*Exercise objective*: Below are lines of data; restate word for word those running from the line containing "130 Juegos Para El Entrenamiento Integrado" to the line containing "女篮世界杯分组话题升温，中国女篮处境更受关注", inclusive, and no others.

*Dataset*:
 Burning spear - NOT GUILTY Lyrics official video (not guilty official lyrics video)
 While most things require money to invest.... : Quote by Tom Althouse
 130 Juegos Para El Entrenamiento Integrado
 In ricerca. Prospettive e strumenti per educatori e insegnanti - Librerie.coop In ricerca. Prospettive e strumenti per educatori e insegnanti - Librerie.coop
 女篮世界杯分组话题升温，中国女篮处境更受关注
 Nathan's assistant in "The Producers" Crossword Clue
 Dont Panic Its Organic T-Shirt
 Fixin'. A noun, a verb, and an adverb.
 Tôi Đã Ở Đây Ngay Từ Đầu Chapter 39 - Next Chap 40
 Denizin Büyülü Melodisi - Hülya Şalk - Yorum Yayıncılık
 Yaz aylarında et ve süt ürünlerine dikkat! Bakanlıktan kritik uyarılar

*Solution to this task*:
 130 Juegos Para El Entrenamiento Integrado
 In ricerca. Prospettive e strumenti per educatori e insegnanti - Librerie.coop In ricerca. Prospettive e strumenti per educatori e insegnanti - Librerie.coop
 女篮世界杯分组话题升温，中国女篮处境更受关注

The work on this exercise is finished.